Qualified leads are very important for advertisers who can pay handsomely for them. For those AdSense Publishers who are looking for extra revenue from their website without disturbing their current monthly check from Google, Pontiflex have over 100 brand advertisers who will pay you every time a visitor completes an advertiser form.

What I like about Pontiflex is their commitment to transparency and  sharing with their publishers the opportunity to select and choose the advertisers!

Be sure to ask for Leora Blumberg when you speak with Pontiflex or email her at leorab@pontiflex.com

Retargeter.com Advertises on AdSense Directory

We recently enabled Retargeter.com as an advertiser on the AdSense Publisher Directory at SearchForecast.org.

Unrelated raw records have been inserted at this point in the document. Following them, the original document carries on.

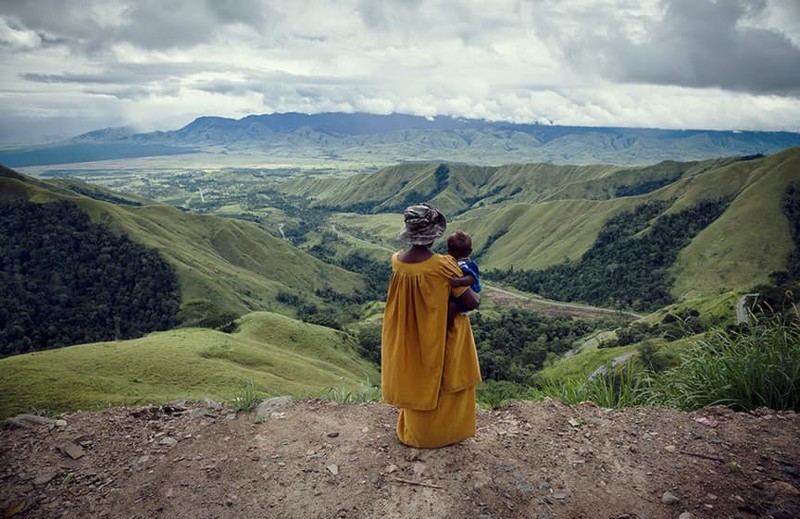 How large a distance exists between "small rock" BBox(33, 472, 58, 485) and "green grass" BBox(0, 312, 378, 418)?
851 cm

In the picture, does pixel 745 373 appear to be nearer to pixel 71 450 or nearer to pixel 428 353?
pixel 428 353

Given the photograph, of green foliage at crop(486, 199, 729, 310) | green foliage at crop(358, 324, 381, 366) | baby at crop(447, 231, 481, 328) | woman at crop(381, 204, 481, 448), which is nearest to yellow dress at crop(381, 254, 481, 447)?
woman at crop(381, 204, 481, 448)

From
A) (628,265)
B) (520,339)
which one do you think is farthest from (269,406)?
(628,265)

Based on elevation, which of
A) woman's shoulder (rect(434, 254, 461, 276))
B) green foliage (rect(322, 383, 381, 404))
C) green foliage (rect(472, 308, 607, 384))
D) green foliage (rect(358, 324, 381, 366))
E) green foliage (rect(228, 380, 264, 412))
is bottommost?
green foliage (rect(472, 308, 607, 384))

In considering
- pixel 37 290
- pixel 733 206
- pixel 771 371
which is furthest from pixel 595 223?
pixel 771 371

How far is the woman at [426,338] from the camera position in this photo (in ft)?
19.7

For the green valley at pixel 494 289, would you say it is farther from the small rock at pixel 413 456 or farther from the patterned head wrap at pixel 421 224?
the patterned head wrap at pixel 421 224

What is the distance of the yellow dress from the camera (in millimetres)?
6004

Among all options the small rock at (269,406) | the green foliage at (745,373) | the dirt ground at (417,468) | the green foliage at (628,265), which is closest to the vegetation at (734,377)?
the green foliage at (745,373)

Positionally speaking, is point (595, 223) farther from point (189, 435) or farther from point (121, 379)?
point (189, 435)

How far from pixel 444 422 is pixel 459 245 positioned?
2.52m

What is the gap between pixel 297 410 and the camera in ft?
27.8

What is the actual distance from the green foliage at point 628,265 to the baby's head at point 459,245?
421ft

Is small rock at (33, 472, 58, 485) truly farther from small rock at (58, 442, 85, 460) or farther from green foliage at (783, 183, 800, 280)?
green foliage at (783, 183, 800, 280) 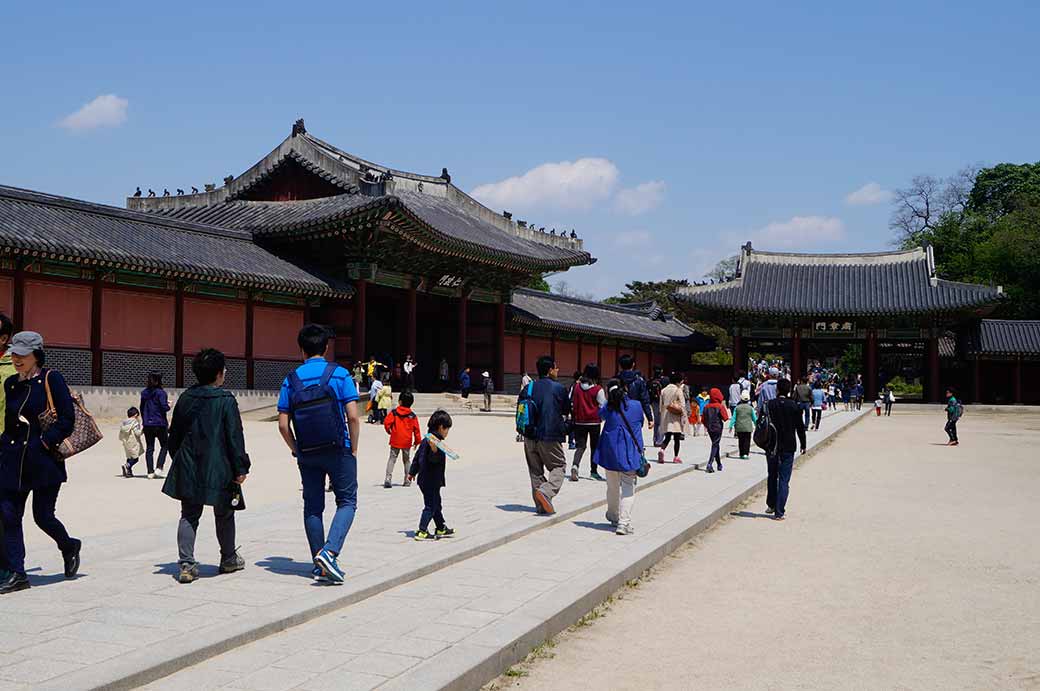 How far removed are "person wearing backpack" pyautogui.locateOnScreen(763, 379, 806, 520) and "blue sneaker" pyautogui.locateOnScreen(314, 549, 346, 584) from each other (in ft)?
20.6

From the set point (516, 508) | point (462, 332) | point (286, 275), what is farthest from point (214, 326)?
point (516, 508)

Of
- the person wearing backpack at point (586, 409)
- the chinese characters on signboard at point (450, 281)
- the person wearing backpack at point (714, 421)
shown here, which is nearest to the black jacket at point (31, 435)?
the person wearing backpack at point (586, 409)

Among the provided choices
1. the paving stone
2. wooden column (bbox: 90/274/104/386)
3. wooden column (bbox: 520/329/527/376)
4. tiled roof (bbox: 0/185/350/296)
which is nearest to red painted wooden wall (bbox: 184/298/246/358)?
tiled roof (bbox: 0/185/350/296)

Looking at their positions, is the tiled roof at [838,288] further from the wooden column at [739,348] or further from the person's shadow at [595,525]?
the person's shadow at [595,525]

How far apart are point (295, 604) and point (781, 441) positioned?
22.9ft

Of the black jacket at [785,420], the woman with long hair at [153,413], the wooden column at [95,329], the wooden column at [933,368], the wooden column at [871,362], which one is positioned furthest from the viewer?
the wooden column at [871,362]

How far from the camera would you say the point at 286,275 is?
2733 cm

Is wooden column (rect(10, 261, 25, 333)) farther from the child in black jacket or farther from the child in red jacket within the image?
the child in black jacket

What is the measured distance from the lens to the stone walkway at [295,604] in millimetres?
4613

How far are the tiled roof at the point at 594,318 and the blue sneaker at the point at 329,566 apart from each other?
3119 cm

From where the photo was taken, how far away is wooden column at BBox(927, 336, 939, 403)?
47.5m

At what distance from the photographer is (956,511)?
12.4 m

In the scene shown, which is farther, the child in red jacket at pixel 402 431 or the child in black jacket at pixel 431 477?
the child in red jacket at pixel 402 431

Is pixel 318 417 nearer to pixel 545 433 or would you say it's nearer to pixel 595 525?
pixel 545 433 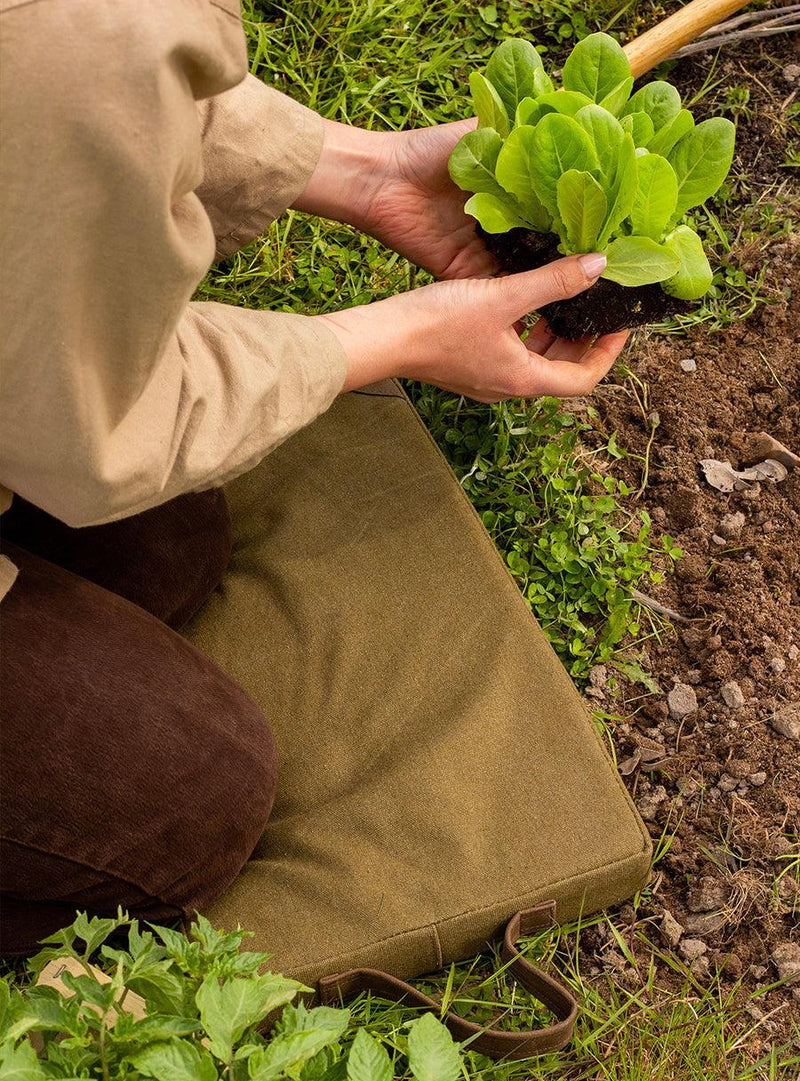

ReTargeter helps AdSense publishers by bringing traffic back to their sites. I know many marketing VPs here in Silicon Valley who use retargeting technology to build brand credibility – ads show up on premium sites all over the Internet.

Here’s how it works….. Mary visits an AdSense publisher, leaves the site and continues to surf the web. One day later she is checking her mail on Yahoo! Mail or surfing Facebook and she sees an ad for your website. Instantly she is not only impressed with the fact that the site is advertising on major premium sites (“wow they must be legitimate”) but she also clicks on the ad, returns to the site. The theory is returning visitors will convert to customers more readily.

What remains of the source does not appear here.